**BRIEF:** List every line below containing "white".

MATERIAL TO PROCESS START

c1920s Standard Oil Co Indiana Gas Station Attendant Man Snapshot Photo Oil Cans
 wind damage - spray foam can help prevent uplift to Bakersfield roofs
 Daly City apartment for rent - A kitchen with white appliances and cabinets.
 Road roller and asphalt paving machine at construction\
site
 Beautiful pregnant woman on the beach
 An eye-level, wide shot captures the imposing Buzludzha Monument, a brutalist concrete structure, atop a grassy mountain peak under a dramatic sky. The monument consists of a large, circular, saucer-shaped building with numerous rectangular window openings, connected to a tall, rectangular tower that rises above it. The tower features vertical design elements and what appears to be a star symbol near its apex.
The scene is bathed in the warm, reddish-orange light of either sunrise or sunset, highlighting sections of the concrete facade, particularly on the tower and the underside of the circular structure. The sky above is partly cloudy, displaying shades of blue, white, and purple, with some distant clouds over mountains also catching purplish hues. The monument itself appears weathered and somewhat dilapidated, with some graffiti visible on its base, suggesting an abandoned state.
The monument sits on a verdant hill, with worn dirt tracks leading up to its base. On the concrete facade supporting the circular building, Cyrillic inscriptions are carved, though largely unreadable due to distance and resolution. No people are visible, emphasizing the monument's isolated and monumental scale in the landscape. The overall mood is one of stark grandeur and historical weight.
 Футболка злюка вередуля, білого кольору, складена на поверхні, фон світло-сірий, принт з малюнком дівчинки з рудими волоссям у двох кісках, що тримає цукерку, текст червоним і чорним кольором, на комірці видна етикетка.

MATERIAL TO PROCESS END

**ANSWER FOR THE TASK:**
 Daly City apartment for rent - A kitchen with white appliances and cabinets.
The scene is bathed in the warm, reddish-orange light of either sunrise or sunset, highlighting sections of the concrete facade, particularly on the tower and the underside of the circular structure. The sky above is partly cloudy, displaying shades of blue, white, and purple, with some distant clouds over mountains also catching purplish hues. The monument itself appears weathered and somewhat dilapidated, with some graffiti visible on its base, suggesting an abandoned state.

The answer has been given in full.